Fragments stemming from photo and film archives blend into an oscillating memory cloud of Berlin in the 1920s. Fleeting visual and auditory constructions glide through the exhibition space along 24 meters of wall. A work by Dominique Müller and Detlef Weitz with Fabian Wegmüller (Compositing), Samuel Gfeller (Sound Design), commissioned by the Jewish Museum in Berlin.

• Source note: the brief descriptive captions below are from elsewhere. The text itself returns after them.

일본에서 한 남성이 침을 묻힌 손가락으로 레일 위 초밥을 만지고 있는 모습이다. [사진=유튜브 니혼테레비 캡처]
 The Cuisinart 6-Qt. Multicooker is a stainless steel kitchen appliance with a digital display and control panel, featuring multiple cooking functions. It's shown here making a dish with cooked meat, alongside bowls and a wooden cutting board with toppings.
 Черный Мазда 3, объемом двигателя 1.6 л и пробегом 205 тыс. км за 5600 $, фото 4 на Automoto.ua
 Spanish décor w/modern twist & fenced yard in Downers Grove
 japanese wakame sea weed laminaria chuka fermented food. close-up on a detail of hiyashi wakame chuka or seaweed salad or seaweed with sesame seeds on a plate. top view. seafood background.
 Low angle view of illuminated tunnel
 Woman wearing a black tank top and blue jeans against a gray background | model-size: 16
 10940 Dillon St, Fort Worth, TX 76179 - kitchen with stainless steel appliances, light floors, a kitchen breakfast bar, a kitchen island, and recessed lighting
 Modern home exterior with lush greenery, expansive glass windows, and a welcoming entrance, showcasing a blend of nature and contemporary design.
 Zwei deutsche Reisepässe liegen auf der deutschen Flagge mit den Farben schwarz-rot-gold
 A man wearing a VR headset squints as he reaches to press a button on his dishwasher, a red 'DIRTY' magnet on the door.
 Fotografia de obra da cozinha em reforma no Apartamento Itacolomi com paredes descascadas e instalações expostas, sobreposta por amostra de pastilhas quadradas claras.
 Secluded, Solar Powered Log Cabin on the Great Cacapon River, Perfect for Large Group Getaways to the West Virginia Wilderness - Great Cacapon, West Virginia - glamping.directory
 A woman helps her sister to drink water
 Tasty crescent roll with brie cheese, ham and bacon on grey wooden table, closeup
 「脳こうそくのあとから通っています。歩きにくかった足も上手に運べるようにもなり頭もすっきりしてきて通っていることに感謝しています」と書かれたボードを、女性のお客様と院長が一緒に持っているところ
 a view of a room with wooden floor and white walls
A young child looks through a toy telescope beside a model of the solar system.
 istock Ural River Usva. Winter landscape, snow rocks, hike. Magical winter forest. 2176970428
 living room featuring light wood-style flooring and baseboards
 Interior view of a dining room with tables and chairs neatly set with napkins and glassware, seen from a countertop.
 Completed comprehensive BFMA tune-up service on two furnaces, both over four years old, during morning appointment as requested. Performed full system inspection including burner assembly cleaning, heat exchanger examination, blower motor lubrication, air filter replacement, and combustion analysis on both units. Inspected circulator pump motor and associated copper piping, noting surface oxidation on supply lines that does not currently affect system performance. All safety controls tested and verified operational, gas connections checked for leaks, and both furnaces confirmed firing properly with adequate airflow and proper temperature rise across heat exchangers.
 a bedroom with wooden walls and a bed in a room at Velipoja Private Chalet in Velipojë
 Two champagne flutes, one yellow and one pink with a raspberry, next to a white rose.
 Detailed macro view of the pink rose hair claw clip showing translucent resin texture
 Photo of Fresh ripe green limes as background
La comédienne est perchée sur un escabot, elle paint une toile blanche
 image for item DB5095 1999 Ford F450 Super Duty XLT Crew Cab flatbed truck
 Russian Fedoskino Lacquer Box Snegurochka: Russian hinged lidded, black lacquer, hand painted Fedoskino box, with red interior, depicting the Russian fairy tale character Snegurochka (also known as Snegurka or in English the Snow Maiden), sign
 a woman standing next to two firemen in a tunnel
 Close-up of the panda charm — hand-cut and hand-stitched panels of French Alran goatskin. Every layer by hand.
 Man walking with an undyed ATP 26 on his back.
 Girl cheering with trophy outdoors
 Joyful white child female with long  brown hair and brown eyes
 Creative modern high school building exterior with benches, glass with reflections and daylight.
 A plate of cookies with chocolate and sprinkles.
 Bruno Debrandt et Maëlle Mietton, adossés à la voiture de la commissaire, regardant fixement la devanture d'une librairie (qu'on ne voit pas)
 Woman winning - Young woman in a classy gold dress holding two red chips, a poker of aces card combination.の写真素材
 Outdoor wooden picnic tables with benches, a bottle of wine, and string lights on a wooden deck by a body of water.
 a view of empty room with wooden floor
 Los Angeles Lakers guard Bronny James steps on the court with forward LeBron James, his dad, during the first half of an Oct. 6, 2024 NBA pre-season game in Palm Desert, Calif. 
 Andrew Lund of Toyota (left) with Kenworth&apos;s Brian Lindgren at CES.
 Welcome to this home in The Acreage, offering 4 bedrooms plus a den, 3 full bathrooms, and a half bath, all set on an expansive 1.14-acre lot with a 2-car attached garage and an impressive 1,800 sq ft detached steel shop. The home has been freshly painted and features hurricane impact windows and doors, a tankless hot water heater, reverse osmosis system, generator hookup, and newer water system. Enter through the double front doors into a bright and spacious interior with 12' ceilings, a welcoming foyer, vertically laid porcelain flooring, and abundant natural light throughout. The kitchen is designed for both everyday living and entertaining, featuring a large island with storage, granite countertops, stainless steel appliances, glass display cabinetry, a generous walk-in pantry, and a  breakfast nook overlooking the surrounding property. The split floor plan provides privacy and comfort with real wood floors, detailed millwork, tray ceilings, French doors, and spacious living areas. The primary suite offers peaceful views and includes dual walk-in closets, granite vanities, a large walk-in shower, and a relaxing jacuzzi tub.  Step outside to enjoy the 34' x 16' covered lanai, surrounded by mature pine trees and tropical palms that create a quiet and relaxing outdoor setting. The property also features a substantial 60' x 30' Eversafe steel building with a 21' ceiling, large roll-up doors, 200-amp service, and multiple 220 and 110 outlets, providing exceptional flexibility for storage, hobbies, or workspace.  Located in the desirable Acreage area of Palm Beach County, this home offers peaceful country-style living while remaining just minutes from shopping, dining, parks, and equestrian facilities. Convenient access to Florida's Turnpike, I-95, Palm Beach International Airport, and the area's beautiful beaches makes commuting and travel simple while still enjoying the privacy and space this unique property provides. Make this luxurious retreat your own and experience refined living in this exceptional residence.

«How to present a place that lives mostly from and of imagination? A place, which, in the belief of many Jews from the eastern parts of Europe, was associated with hopes for a better life in the West; a place, which, for the majority of Berlin’s inhabitants during the first two decades of the 20th century, embodied the downside of a metropolis; a place, which has meanwhile been nostalgically glorified and, under the label of “the Old Jewish Quarter”, is used today as an effective marketing strategy for the advertisement of a multicultural city-history of Berlin? Our current vision of the life of East-European Jewish Migrants in Berlin’s “Scheunenviertel” in the 1920s mainly derives from two historic records: On the one hand, it is affected by the descriptions found in coeval, partly auto-biographic, novels. The best known ones are Alfred Döblin’s masterpiece “Berlin Alexanderplatz” (1929), Sammy Gronemann’s “Tohuwabohu” (1920), and the memoires of the Galician actor Alexander Granach in “Da geht ein Mensch”. Apart from these subjective and fictional publications, it is on the other hand especially the historic photographs of the Scheunenviertel that notably influence our idea of this part of town. By looking at these, it appears to us that we might gain an objective impression of the everyday life of the East-European Jewish Migrants living there. [...]»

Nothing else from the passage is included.